Taking it even further, games like Fiasco have very few rules at all, including where combat is concerned. Apart from the epilogue, the game doesn’t impose any consequences per se, and this can be very freeing. A player can have their own character die in the first scene, and then appear only in flashbacks for the rest of the game, something that would be next to impossible to arrange in a typical RPG.
Many games make no particular distinction between combat and other types of conflict. Polaris for example follows the same conflict resolution process regardless of the nature of the conflict. Dogs in the Vineyard has different levels of escalation that distinguish an argument from a gunfight, but the fundamental rules of conflicts stay the same.
In Golden Sky Stories, the subject matter and overall approach are non-violent. There might be an occasional scuffle (though I’ve never seen one when running the game), but GSS shows us that an RPG just plain doesn’t have to involve violence.
In Magical Fury, I cut combat down to a few quick die rolls and an evaluation that tells you what the consequences of the battle are. Although battles are a regular feature of gameplay, they take up very little time, and primarily serve as a means to determine what consequences arise from a fight.
World Wide Wrestling is based on professional wrestling, and that led it to a pretty unique take on how fights work out. The GM “books” each match, and decides on its outcome ahead of time. It’s possible for wrestlers to swerve a match to an unplanned outcome, but the real purpose of the matches is their place in the story and determining whether they make the crowd go wild or just fall flat.
Although I like all of these, I think for me the most interesting at the moment are the games that prioritize the consequences of a conflict. An awful lot of the various narrative forms of entertainment we experience deal with combat in those terms, I think because otherwise there’s usually not much point in including it. Even an impressively choreographed fight can be boring if it doesn’t lead much of anywhere, as Star Wars Episode I: The Phantom Menace demonstrated several times over, whereas a movie like Mad Max: Fury Road can get away with being one long, violent chase scene because the movie skillfully gives you reasons to care about how things turn out.
Anyway, all of this leads me to yet another RPG project. I started on a mini-RPG, called Zero Breakers: Battle School Chronicle.

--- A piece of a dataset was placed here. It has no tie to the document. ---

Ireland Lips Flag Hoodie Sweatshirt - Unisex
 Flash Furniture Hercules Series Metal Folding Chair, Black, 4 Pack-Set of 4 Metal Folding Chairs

I’ve been trying to figure out how to make an RPG in the style of shounen fighting manga (stuff like JoJo’s Bizarre Adventure, Dragon Ball Z, One Piece, etc.) for ages, and I was thinking about taking a stab at it as a Patreon mini-RPG. That in turn met with an idea for a game about students at a school for people with special powers, where school life is bent around epic battles that keep the students busy, inspired by Mikagura Gakuen Kumikyoku. Zero Breakers takes place at Narukami Gakuen, a school for Breakers. “Breakers” are people with a limited ability to bend reality around them, fueled by their passions and interests, and the school is one of several institutions that basically exist to keep them busy so they don’t destroy the world. Lots of fighting, in a setting where characters can have zany powers and fight with paintbrushes or staplers or whatever, and not the kind of thing where characters die. Even if you beat someone, chances are you’ll still see them in class the next day.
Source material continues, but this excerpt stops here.